_EXERCISE REQUIREMENTS_
With the pictures left aside, write out the entries that follow exactly.

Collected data
<<<<

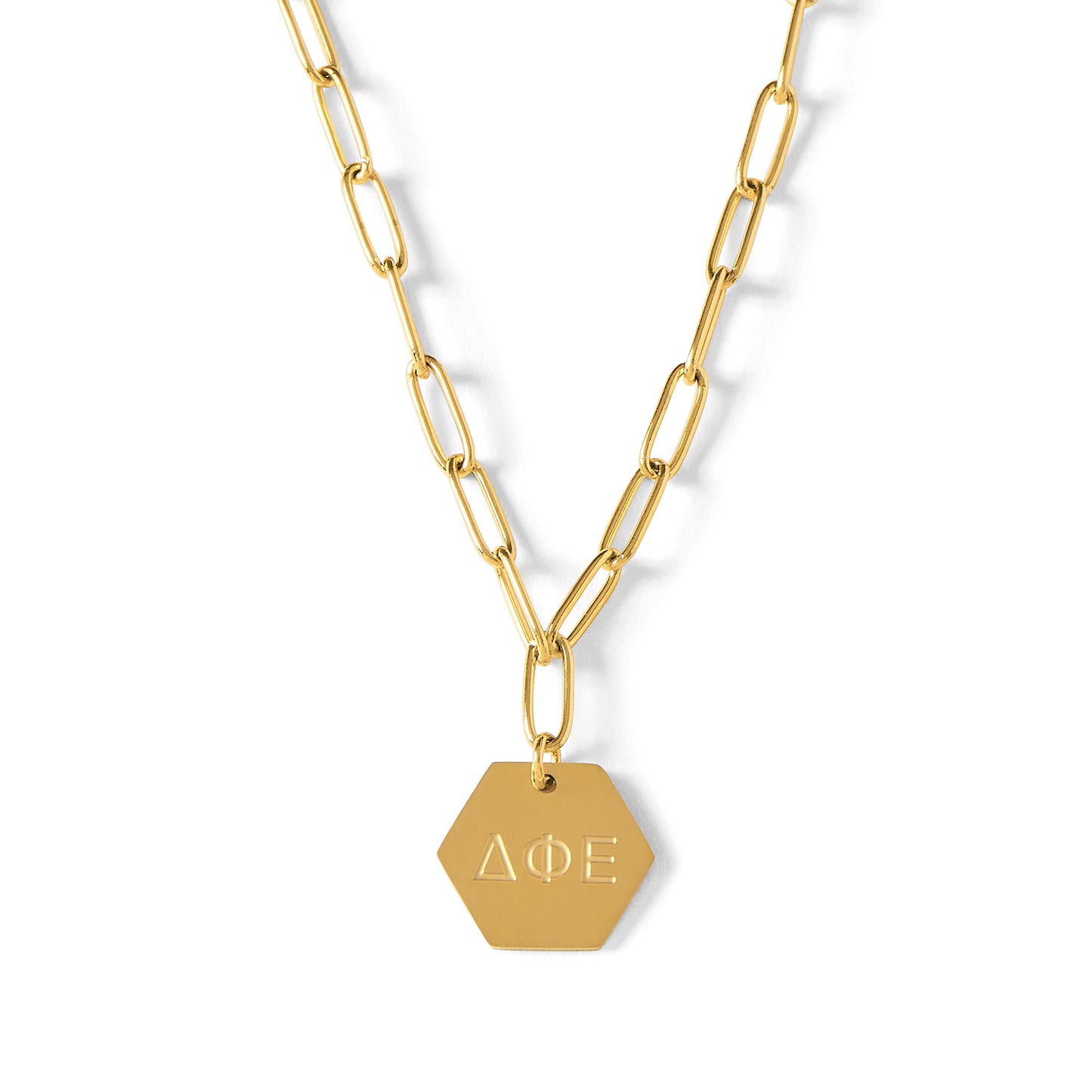 Delta Phi Epsilon Paperclip Necklace with DPE Sorority Pendant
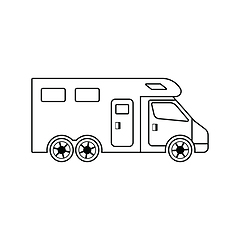 Image showing Icon of camping family caravan car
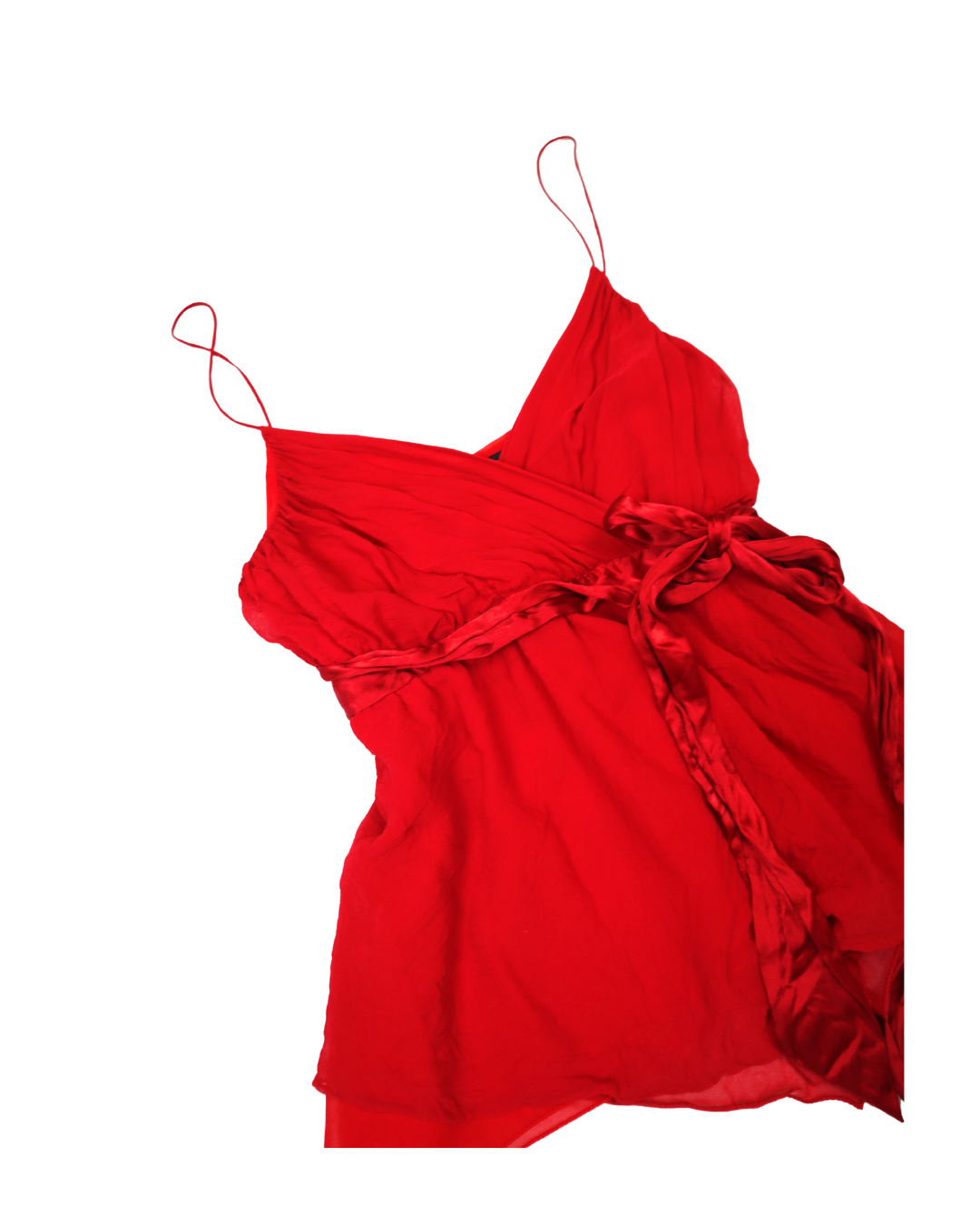 Red Tie Front Tank Top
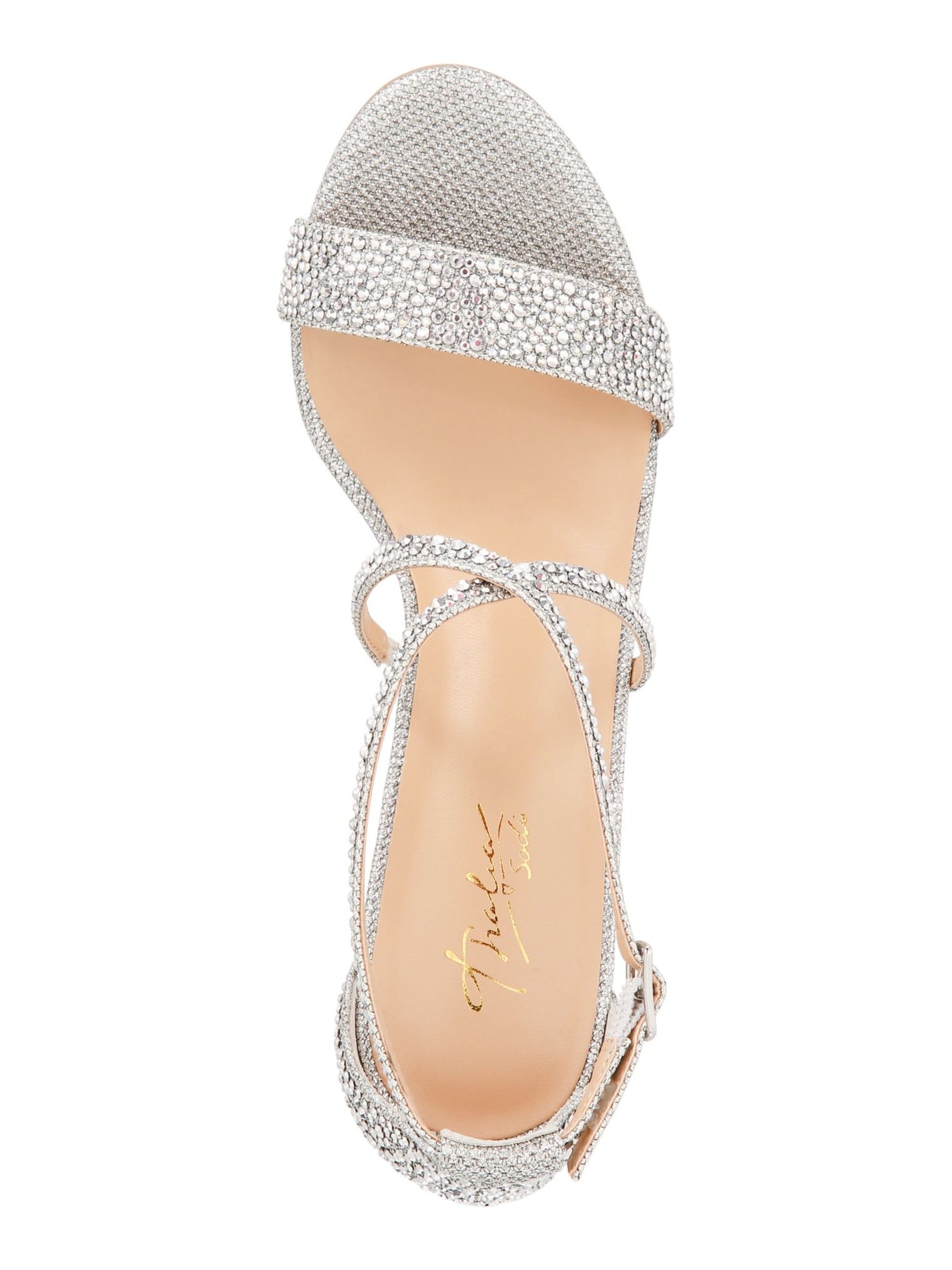 THALIA SODI Womens Silver Crisscross Straps Rhinestone Ankle Strap Strappy Darria Round Toe Stiletto Buckle Dress Sandals Shoes 8.5 M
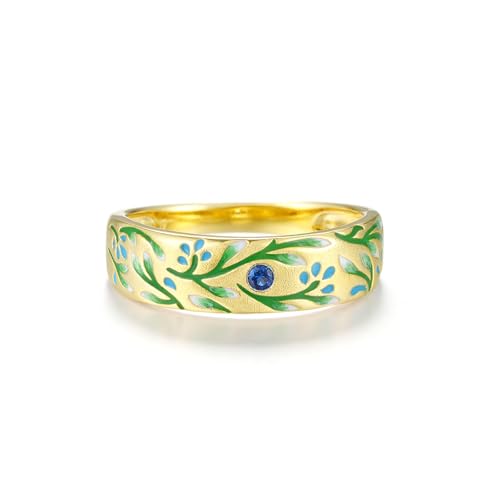 Santuzza 925 Sterling Silver Enamel Flower Pattern Ring for Women - color: Flower Bud Branches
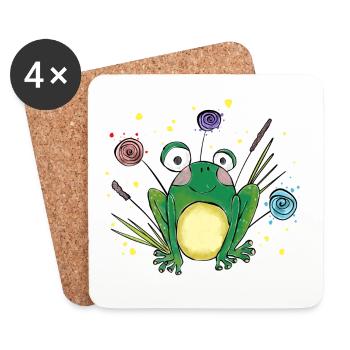 Cute Little Frog in the Grass – Cartoon Design - Coasters (set of 4) - white - Front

>>>>

_TASK SOLUTION_
 Delta Phi Epsilon Paperclip Necklace with DPE Sorority Pendant
 Image showing Icon of camping family caravan car
 Red Tie Front Tank Top
 THALIA SODI Womens Silver Crisscross Straps Rhinestone Ankle Strap Strappy Darria Round Toe Stiletto Buckle Dress Sandals Shoes 8.5 M
 Santuzza 925 Sterling Silver Enamel Flower Pattern Ring for Women - color: Flower Bud Branches
 Cute Little Frog in the Grass – Cartoon Design - Coasters (set of 4) - white - Front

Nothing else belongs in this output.